Os convertisteis de los ídolos a Dios, para servir al Dios vivo y verdadero.
Toda nuestra vida, desde el momento de la conversión hasta el final de nuestra carrera terrenal, debiera estar caracterizada por un espíritu de servicio, diligente e inteligente. Este es nuestro gran privilegio, por no decir nuestra santa obligación. No importa cuál sea nuestra esfera de acción, línea de vida o profesión; desde que nos hemos convertido, tenemos que hacer una cosa: servir a Dios.
Jamás debemos perder de vista que hemos sido convertidos para servir a Dios. El resultado de la vida que poseemos debe tomar siempre la forma de servicio al Dios vivo y verdadero. En nuestra vida como inconversos, dábamos culto a los ídolos y servíamos a diversos placeres y malos deseos; ahora, por el contrario, adoramos a Dios en espíritu (véase Jn. 4:24), y somos llamados a servirlo con todas nuestras facultades.
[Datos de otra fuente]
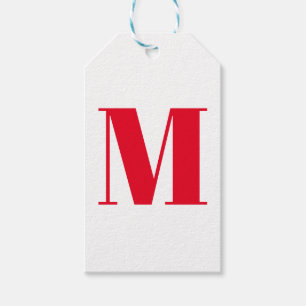 Customise monogram initial red white gift tags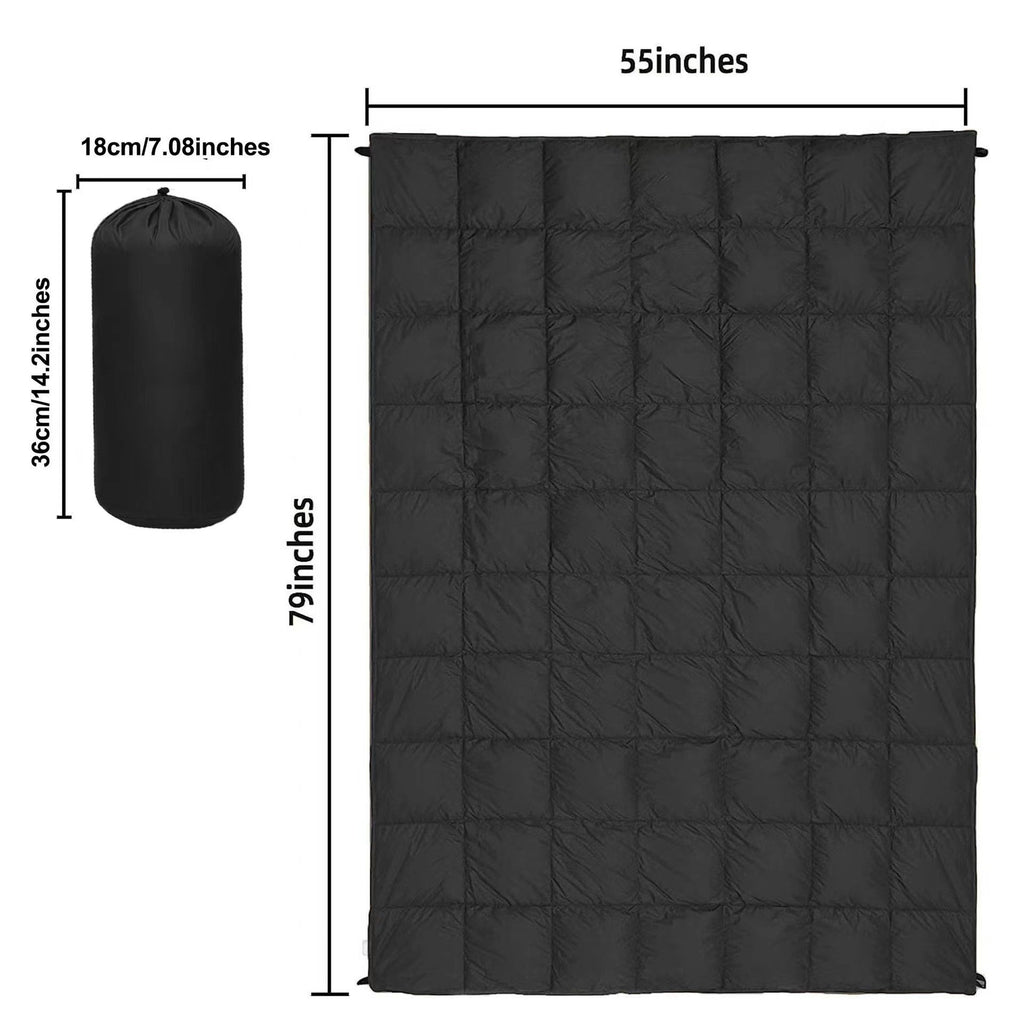 200x140cm Blue Large Outdoor Camping Imitation Silk Cotton Wearable Warmth Blanket, Quilted Poncho Shawl Throw with Storage Bag, Lightweight Warm Camping Quilt for Camping Travel Home Use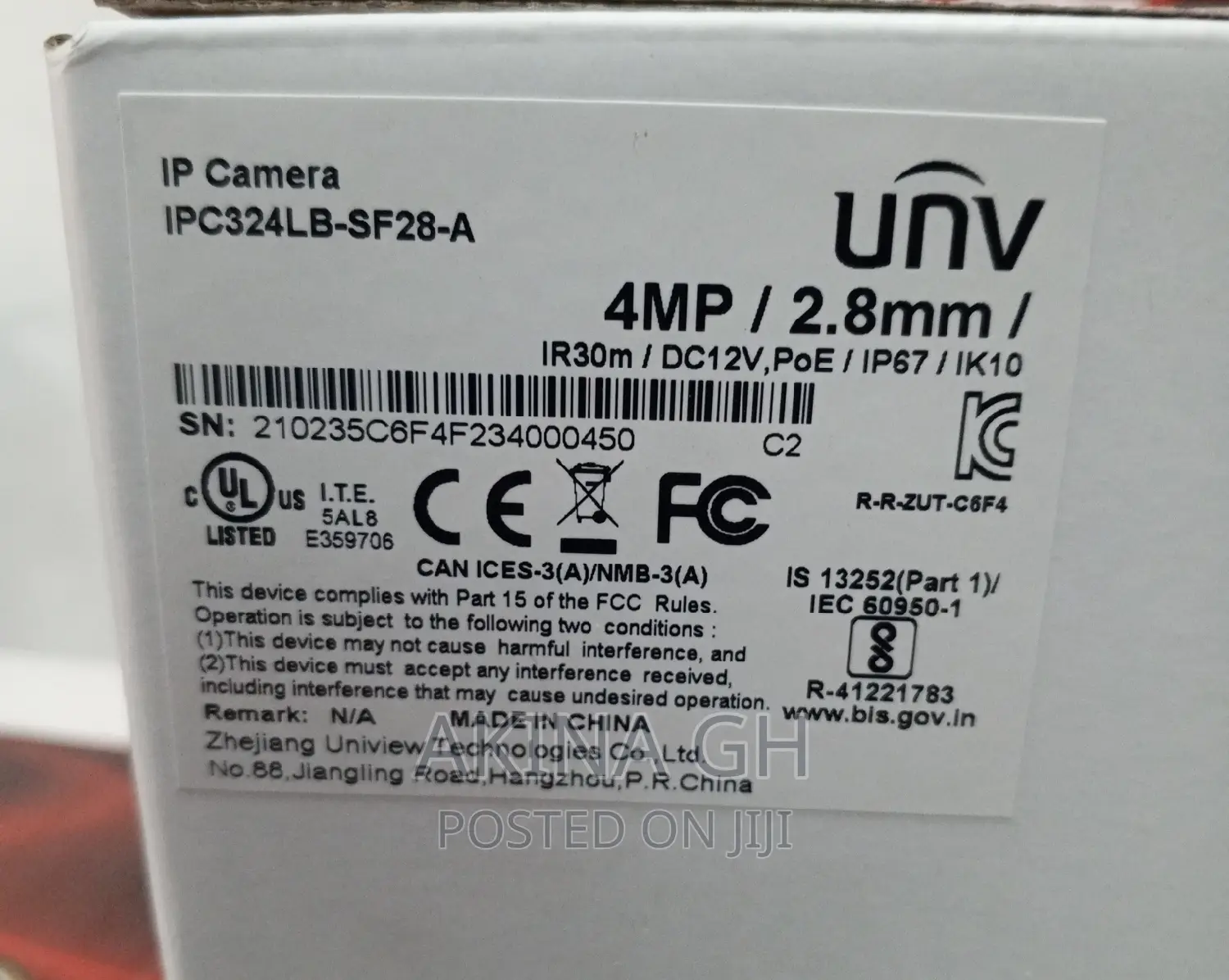 Uniview Unv 4mp Vandalproof Ip Dome Camera Ipc324lb-Sf28-A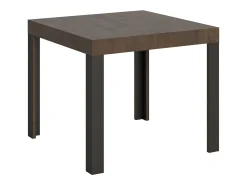 Mesa extensible 90x90/246 cm Linea Nogal estructura Antracita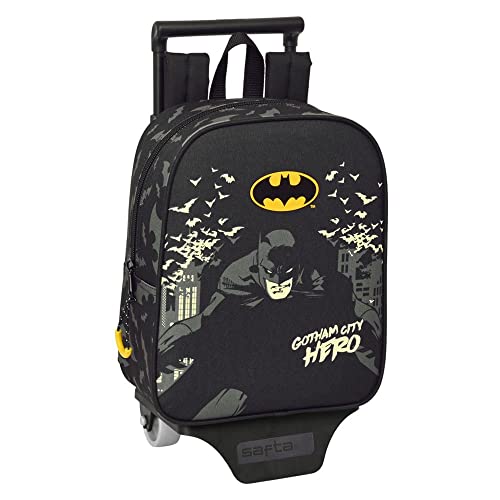 Safta, Batman Hero Rucksack mit Trolley, 22 x 28 x 10 cm, Unisex, Kinder,...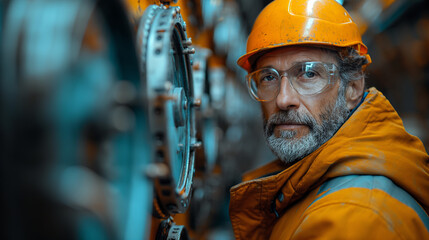 Portrait of an Experienced Engineer in Protective Gear at an Industrial Plant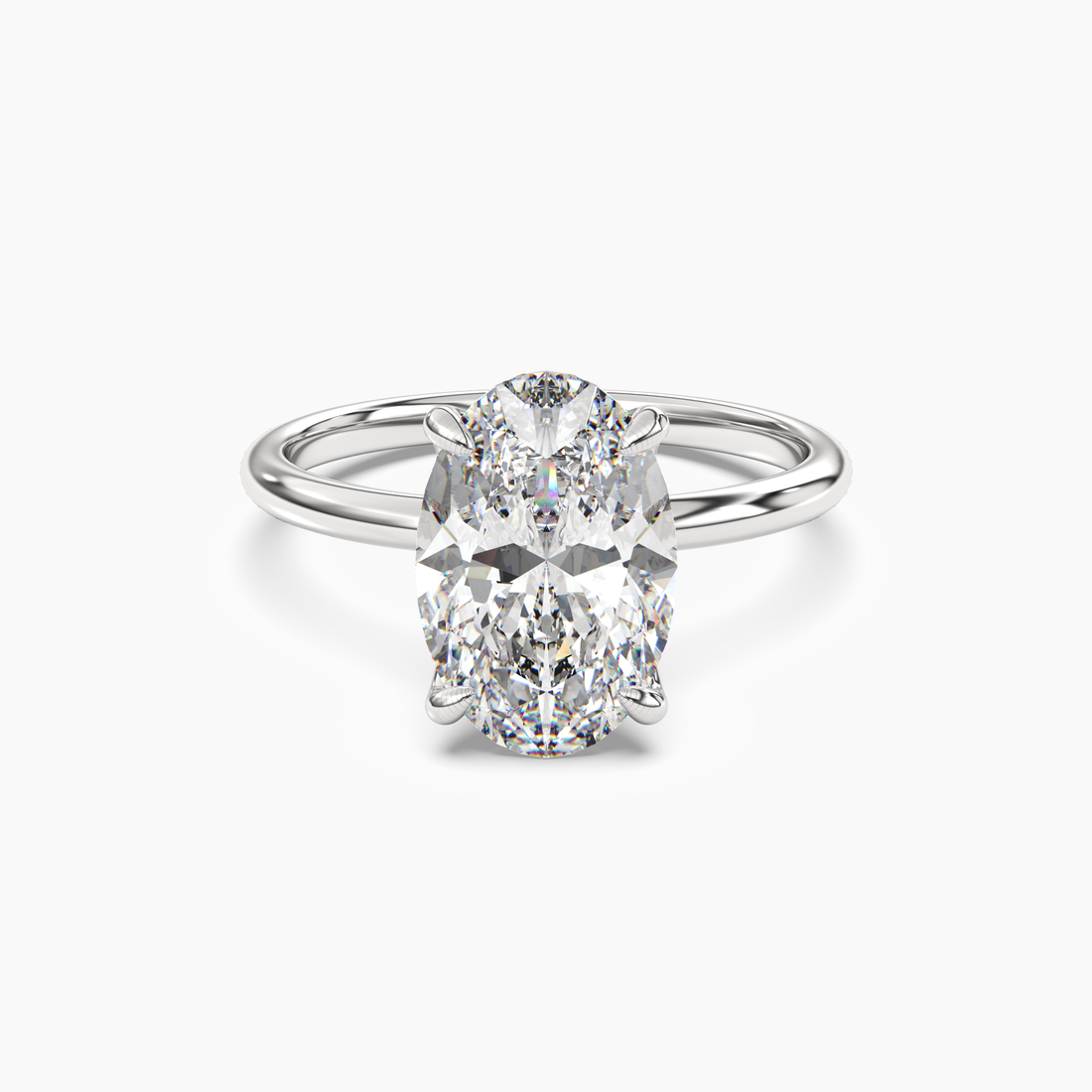 Isla 2 Carat Oval Cut Solitaire Lab Grown Diamond Ring in Silver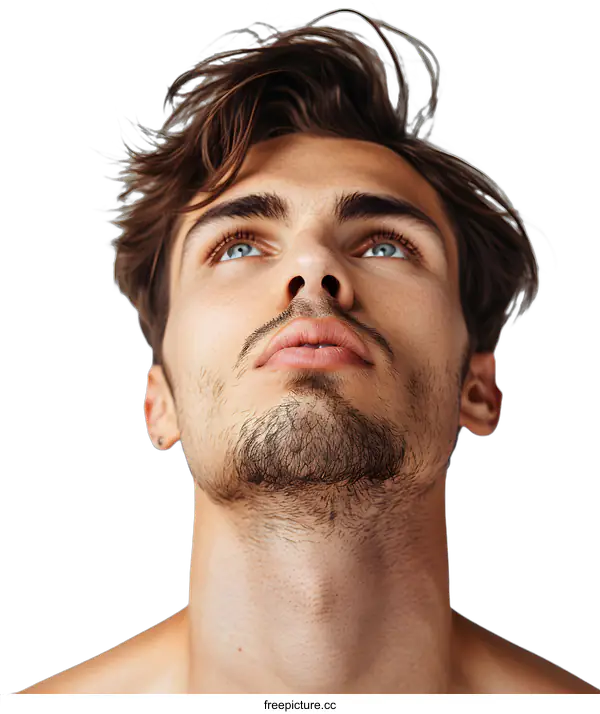 [Transparent Background PNG]Portrait of a Young Man with Blue Eyes Looking Up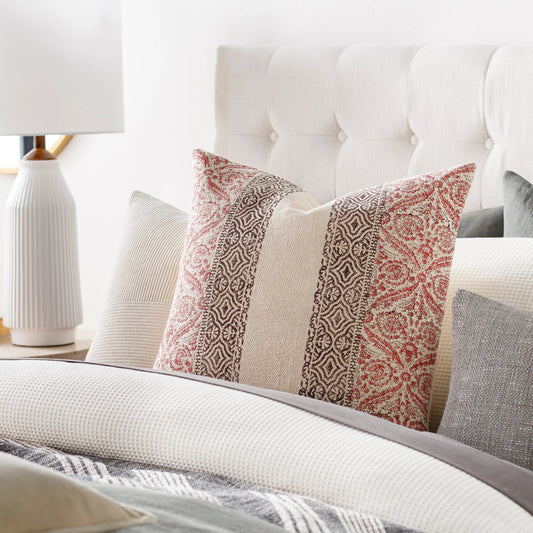 Prisha Pillow - 31985 by Livabliss in light beige, rose. Made from 100% cotton in a eclectic & global style.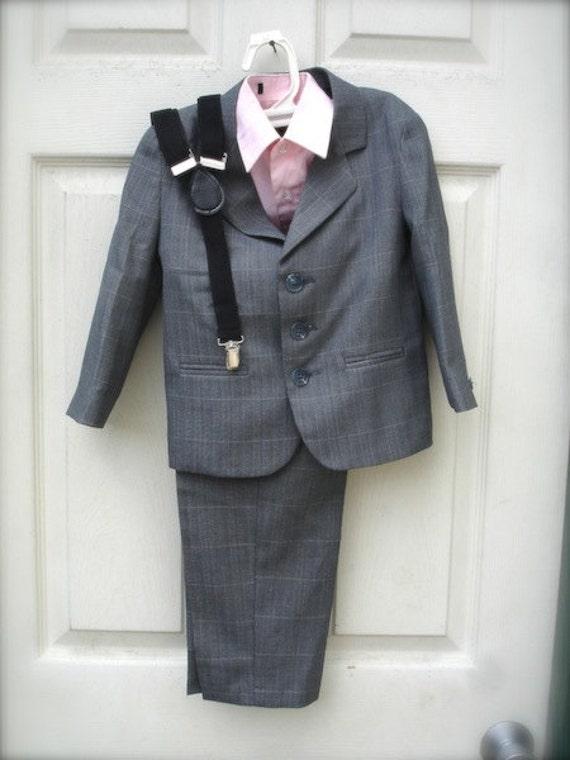 Vintage little boys grey suit ringbearer outfit little boys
Todo lo que en este mundo no pueda hacerse como para Cristo, no debería hacerse. Esto simplifica considerablemente la cuestión. Es nuestro privilegio hacerlo todo en el nombre del Señor Jesús y para la gloria de Dios. A veces oímos hablar de un oficio «secular», en contraste con lo que es «sagrado». Ponemos en duda la exactitud de tal distinción. Pablo hacía tiendas (véase Hch. 18:3) y plantaba iglesias (véase 1 Co. 3:6); pero en ambas cosas servía al Señor Jesucristo. Todo lo que un cristiano hace debe ser sagrado, porque se hace como servicio a Dios. Tener esto en cuenta nos permitirá conectar los deberes más simples de la vida diaria con el Señor mismo, e introducirlo a él en ellas. De este modo, en lugar de considerar las obligaciones de nuestro oficio como un obstáculo para nuestra comunión con Dios, las convertiríamos en una ocasión para acudir a él en busca de sabiduría y gracia, para desempeñarlas correctamente, a fin de que su santo nombre sea glorificado en los detalles más minuciosos de la vida diaria.